The ICJ calls on Egyptian authorities to conduct a thorough, effective, independent and impartial investigation into the unlawful and excessive use of force by security and armed forces, in particular during the dispersal of the Rabaa Al-Adawyia and Annahda pro-Morsi sit-ins on 14 August.
The statement comes as the ICJ concluded a high-level mission on 29 August to assess the human rights and rule of law situation in Egypt following the ouster of President Mohamed Morsi by the armed forces.
The use of live ammunition to disperse the sit-ins and against pro-Morsi protesters has resulted in the deaths of more than 1000 individuals, most of which appear to amount to unlawful killings.
The investigation should also examine violent attacks by some pro-Morsi supporters, including the use of firearms, against security officers, police stations, and bystanders, and attacks on religious minorities, in particular Christians, their churches, buildings, and homes.
“The Egyptian authorities should investigate the unlawful use of live ammunition against protesters with a view to holding the perpetrators to account, providing remedy and reparation to the victims, and ending the impunity the security and armed forces have enjoyed over human rights abuses,” said ICJ Commissioner Kalthoum Kennou. “In policing demonstrations, security must act to safeguard the right to life, in particular by ensuring that the decision to use lethal firearms is made only when strictly unavoidable in order to protect life.”
The ICJ is also concerned that following the crackdown, thousands of people were arrested under conditions that violate due process guarantees, in particular the rights to have access to a lawyer and to family members.

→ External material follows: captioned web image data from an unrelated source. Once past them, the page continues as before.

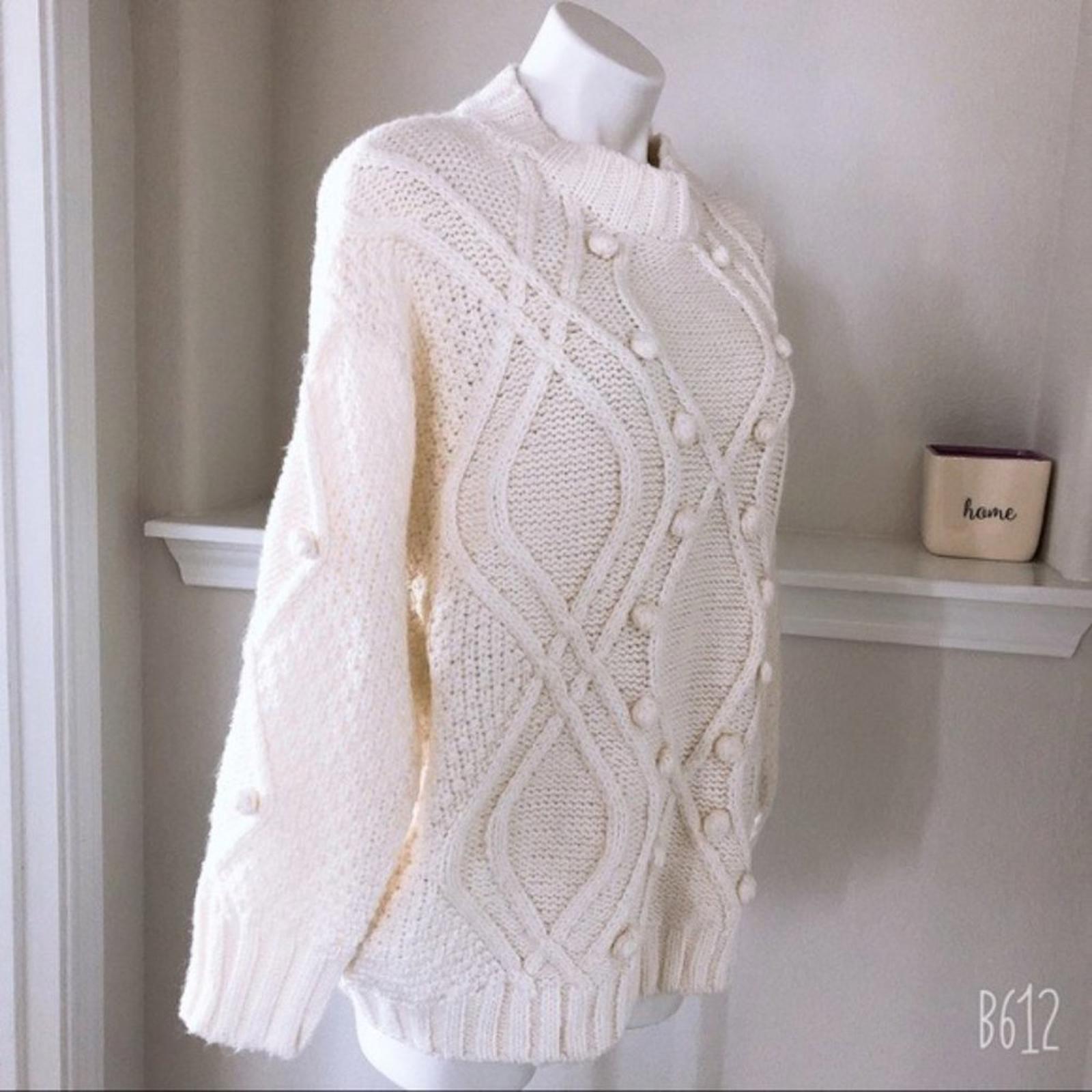 Barney's NY Co-Op Sweater Pom-Pom Oversized Knit Pullover, Size L New w/Tag
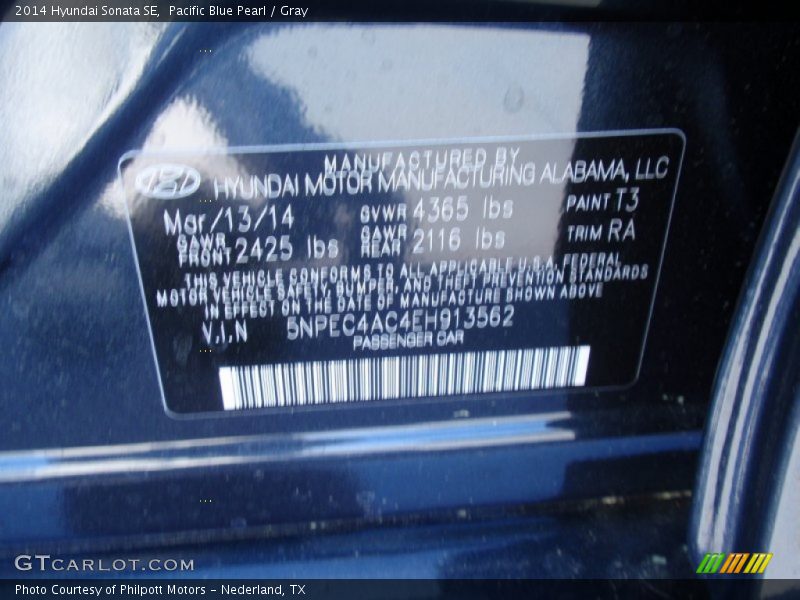 Pacific Blue Pearl / Gray 2014 Hyundai Sonata SE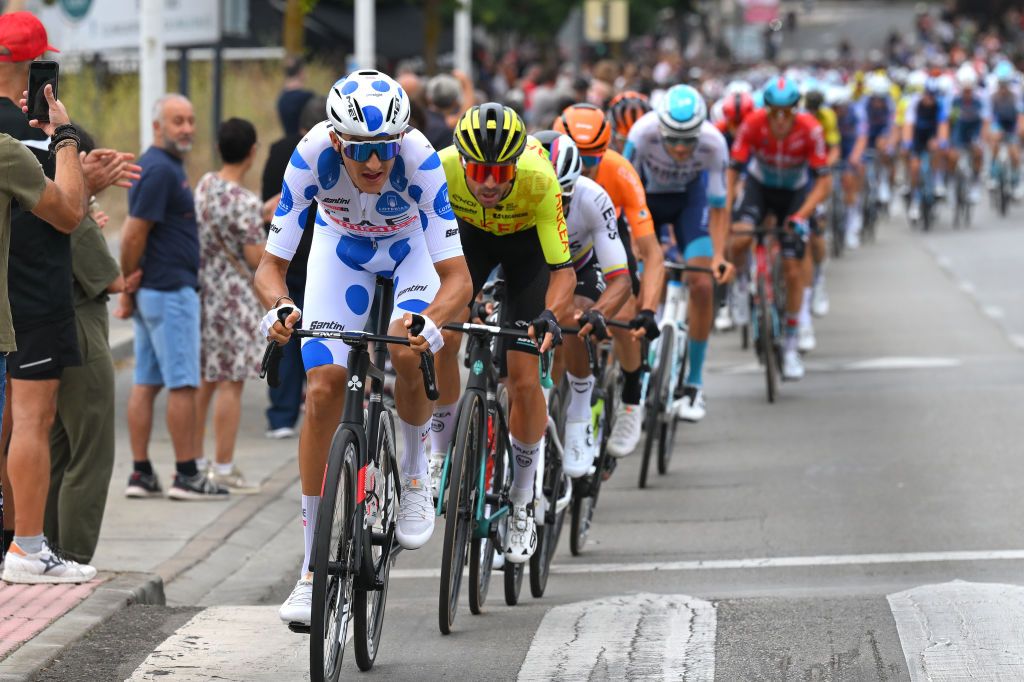 VILLABLINO SPAIN AUGUST 31 Marc Soler of Spain and UAE Team Emirates Polka Dot Mountain Jersey leads the peloton during the La Vuelta 79th Tour of Spain 2024 Stage 14 a 2005km stage from Villafranco del Bierzo to Villablino UCIWT on August 31 2024 in Villablino Spain Photo by Tim de WaeleGetty Images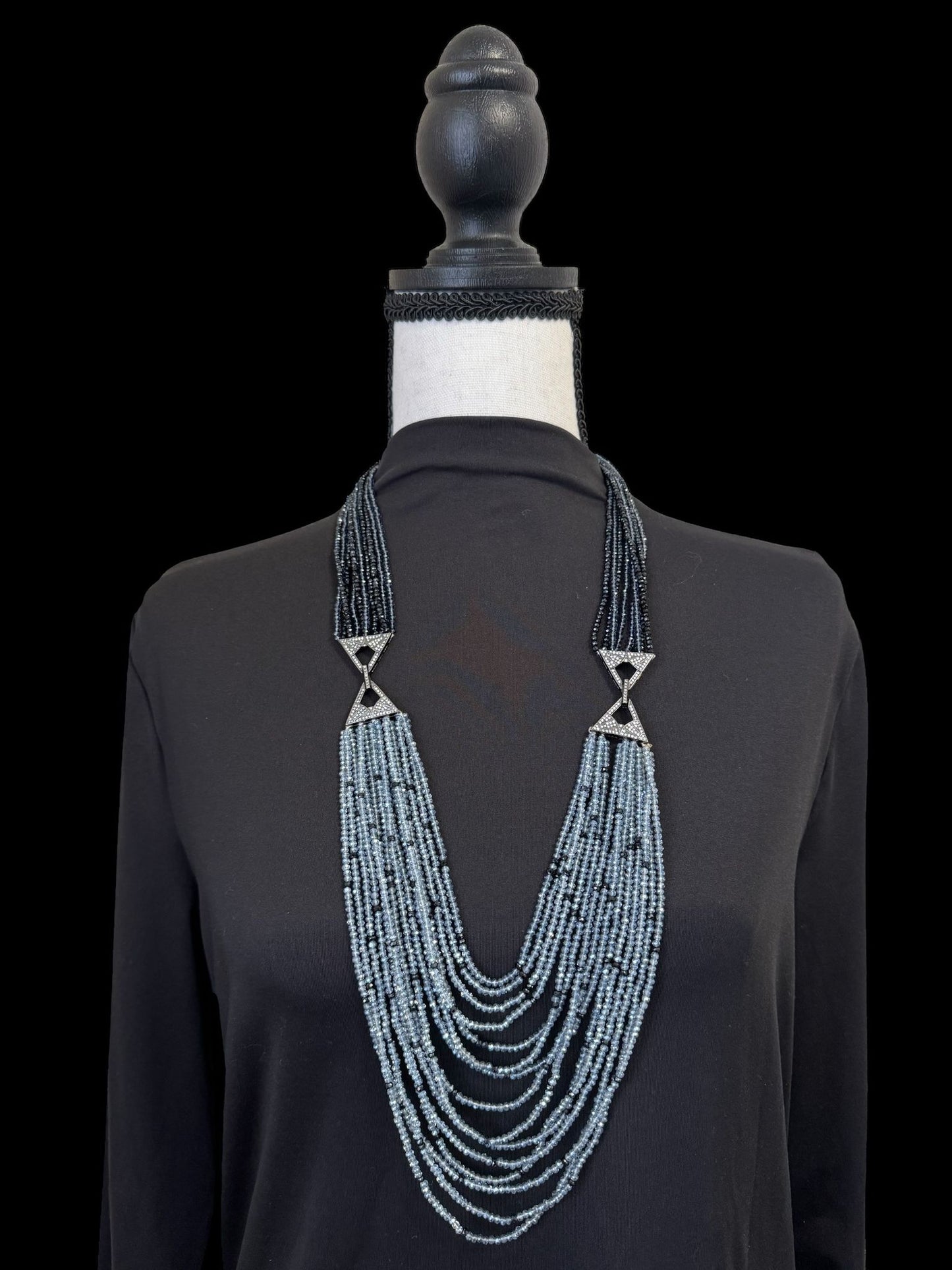 Dual Shade 10 Line Long Double Pendant Layered Crystal Necklace Gray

Hundreds are also reportedly missing and the ICJ fears many of them have been subjected to enforced disappearance.
Hearings for renewing pre-trial detentions orders are conducted in prisons and, as a result of the large number of detainees, most are either not represented by legal counsel, or are not able to have access to and to consult with their lawyers. Many of the detainees are being held arbitrarily under administrative detention, the ICJ further notes.

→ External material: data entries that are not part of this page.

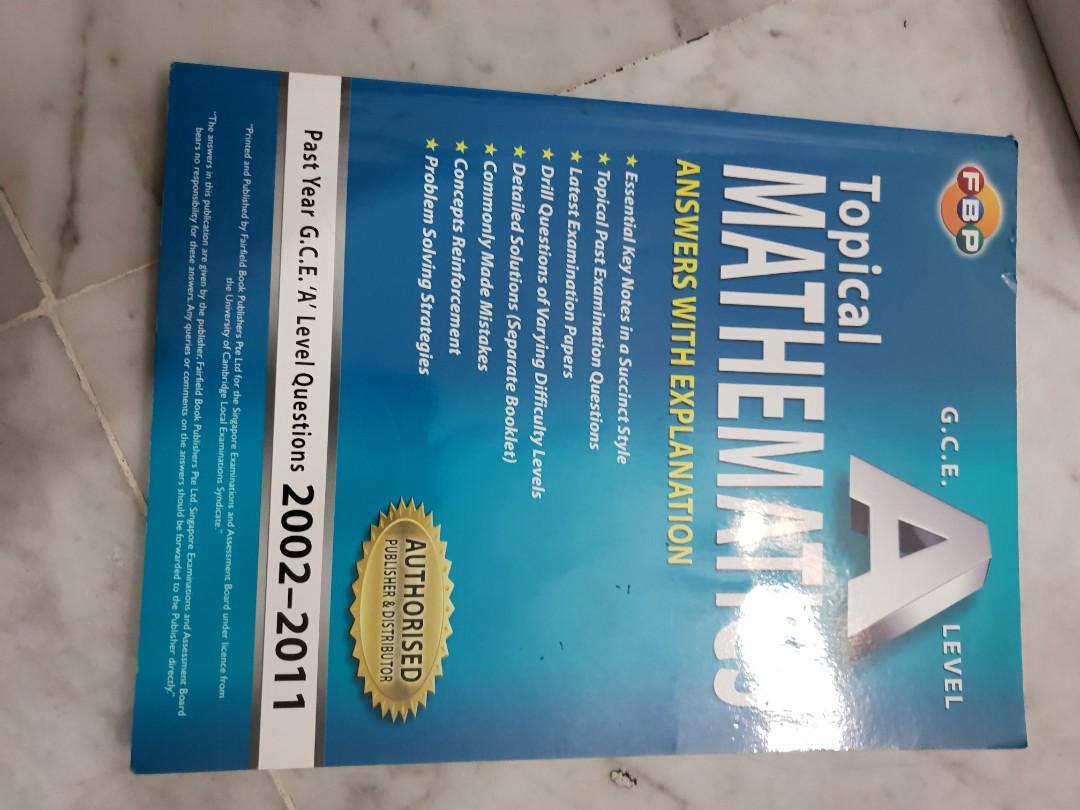 H2 Math Exam Questions With Solutions Book Books Stationery Textbooks Tertiary On Carousell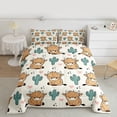 thumbnail image 2 of Homewish Cartoon Rustic Cow Full Size Comforter Sets, Green Cactus Botanical Bedding Comforter Set, Kawaii Love Heart Reversible Bedding Sets, Super Cozy Room Decor, 3-Piece, 2 of 8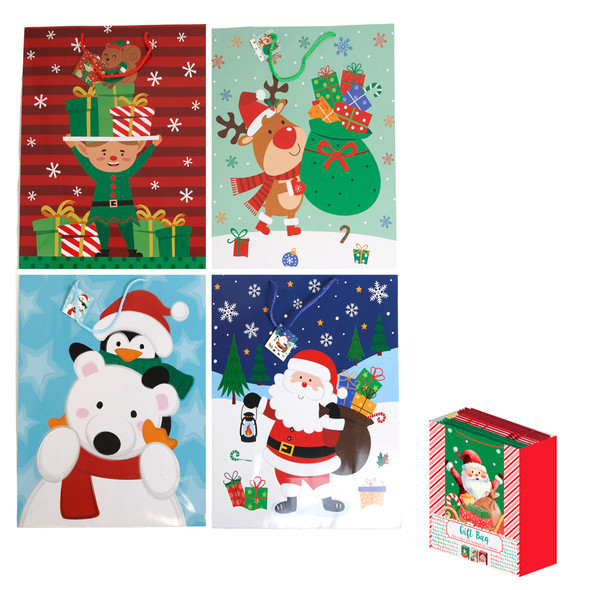 GIFT BAG CHRISTMAS SUPER JUMBO 4AST VERTICAL PRINT 48PC DISPLAY 250GSM/LABEL 15.6 X 7.36 X 19.21IN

“The Egyptian authorities must ensure the rights of those arrested to liberty, security of person, to have access to lawyers and family members and to challenge the lawfulness of their detention, ” said ICJ Commissioner Shawan Jabarin ” the Egyptian authorities must fully communicate the list of all the detainees, their places of detentions and the fate and whereabouts of the hundreds who are reportedly missing. They must also comply with their legal obligations under international law and ensure that no one is subjected to enforced disappearance.”
The Office of the Public Prosecutor has charged thousands of individuals who were arrested following the ouster of president Morsi and the dispersal of the sit-ins, including with “ attempted murder”, “opposing authorities”, “attacking law enforcement officials”, “causing disorder”, “blocking roads” and “throwing Molotov cocktails at the police”.
The office also charged President Morsi and his advisers, including leaders of the Muslim Brotherhood, with, among other charges, “inciting followers to commit premeditated murder, use of force, use of firearms and illegal attacks on authorities.”
Moreover, seventy-five judges who called for the reinstatement of former President Morsi have been investigated by an investigating judge, appointed by the Minster of Justice, for “backing a particular political party and deviating from judicial traditions and its values of neutrality, impartiality and non-partisanship.”
The ICJ notes, however, that neither the Office of the Public Prosecutor nor the Minister of Justice have so far investigated, ordered the investigation, or brought criminal action for the unlawful killings of protesters by armed and security forces following the ouster of President Morsi.
In meetings with the ICJ delegation, state officials, including the Minister of Justice, argued that the use of live ammunition and lethal force to disperse sit-ins was legitimate and in line with both national and international standards.
“In times of crisis, judges and prosecutors must safeguard and uphold the rule of law, not curtail the enjoyment of fundamental rights and freedoms,” said Said Benarbia, ICJ Senior Legal Advisor for the Middle East & North Africa Programme.
“The Egyptian authorities must therefore ensure that the Office of the Public Prosecutor and courts are not politicized or used as a means to crackdown on political opponents and protesters, or to shield armed and security officials responsible of human rights abuses from accountability,” Benarbia added.
Said Benarbia, ICJ Senior Legal Adviser of the Middle East and North Africa Programme, tel: 41 22 979 38 17, e-mail: said.benarbia(a)icj.org
The ICJ delegation was led by Justice Kalthoum Kennou, judge at the Tunisian Cassation Court and ICJ Commissioner, and Mr. Shawan Jabarin, ICJ Commissioner and General Director of Al-Haq, an ICJ affiliate in the occupied Palestinian territories. The delegation met with Minister of Justice Adel Abdelhamed Abdullah, Minister of Transitional Justice and National Reconciliation Amin El Mahdi, members of the judiciary, including President of the Judges Club Ahmed El Zend, lawyers, civil society, and families of victims of human rights violations after the dismissal of former President Mohamed Morsi.